As local officials forecast a robust and growing economic impact from maritime shipping, they warn that impact worth many billions of dollars is threatened with extinction.

A steady stream of truck, container and forklift activity at the Port of Oswego testifies to news of the port’s economic impact.

“Systemwide, 227,000 jobs depend on the great lakes shipping industry, it produces $35.5 billion in revenues, pays wages of $14.1 billion, and contributes a total of $4.6 billion in taxes,” said Oswego Port Authority Director Jonathan Daniels.

That was the good news announced by Daniels, the results of a new study of all 32 ports in the Great Lakes-Saint Lawrence Seaway shipping system west of Montreal.

But Daniels warned, all of that is threatened by the New York State Department of Environmental Conservation’s new rules on treating ballast water.

“Given the dire circumstances of these regulations, we hope some positive news will be forthcoming, because if not, on August 1 2013, the Port of Oswego would be forced to cease all international shipping operations.”

Ballast water is what it sounds like; water taken on by ships to maintain balance when they off-load cargo and discharged as they take on cargo.  Ballast water is a proven path for unwanted international stowaways, invasive species that can wreak havoc on their new turf.

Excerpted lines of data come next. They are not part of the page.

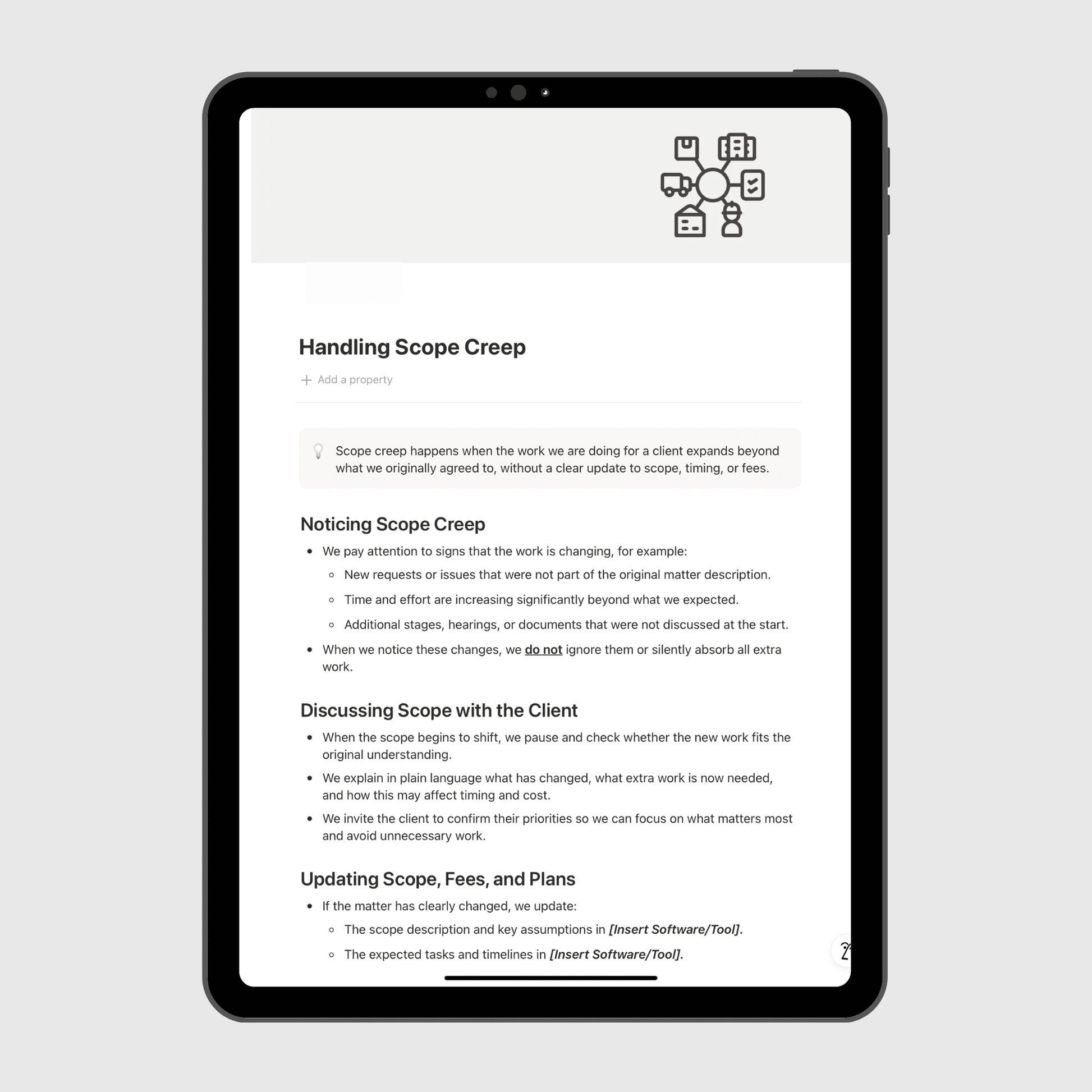 Tablet displaying a document on handling scope creep with text and icons.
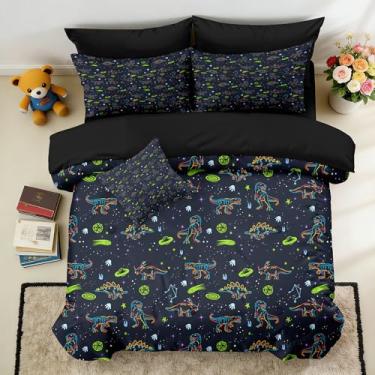 Imagem de Yadangxiawa Jogo de cama casal de dinossauro, 6 peças, para adolescentes, com 1 colcha + 1 lençol de cima + 1 lençol com elástico + 2 fronhas + 1 capa de almofada (casal dinossauro-D)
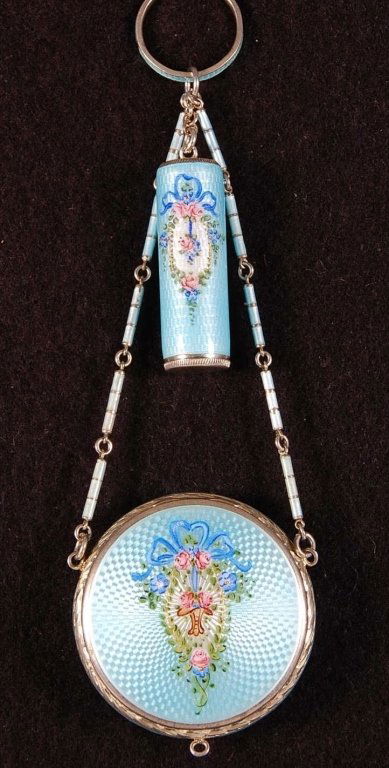 STERLING GUILLOCHE COMPACT W ENAMELED CHAIN & FOB: Blue guilloche on the compact and lipstick fob with a hand painted floral design on each, chain with enameled links and a guilloche enameled finger ring, compact holds a framed mirror in the lid and a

"The regulations require all commercial vessels operating and traversing New York’s waters to be able to treat and clean their water to a standard 100 times current international maritime organization standards," said Daniels. "Additionally, vessels that will be constructed after January 1, 2013 must treat ballast water to a level 1000 times that of international standards. There’s a little bit of a problem. No technology exists to treat to 100 times, 1000 times, or anything above the current IMO standards.”

Saint Lawrence Seaway Development Corporation Administrator Collister Johnson echoed Daniels’ protests. Johnson said the statement that no existing technology could meet the standard was based on two major studies. One by the U.S. Environmental Protection Agency and a National Academy of Sciences study sponsored by the Coast Guard.

“Why would DEC ignore the science of EPA and the U.S. Coast Guard Science Advisory Board and the National Academy of Sciences?," asked Johnson. "Why would they offend Canada?  Why would they want to isolate New York as the only jurisdiction in the world that would be following a set of standards that is different from the international standard? And the answer is, ‘I don’t know.’ But i do know that that approach, in my judgment, does not protect the environment. What you want to do to protect the environment is get reasonable, workable standards installed on ships as quickly as you can and then improve from there," he said.

It appears the DEC is listening.  In response to our interview request, a DEC spokesperson issued the following statement:

"While NYSDEC has established ballast water requirements, a strong and clear national standard would be preferable. We are working with other states and encouraging EPA to adopt a standard this year that is achievable and protects the state's coastal waters from invasive species. We plan to re-examine our requirements following the release of EPS''s proposal."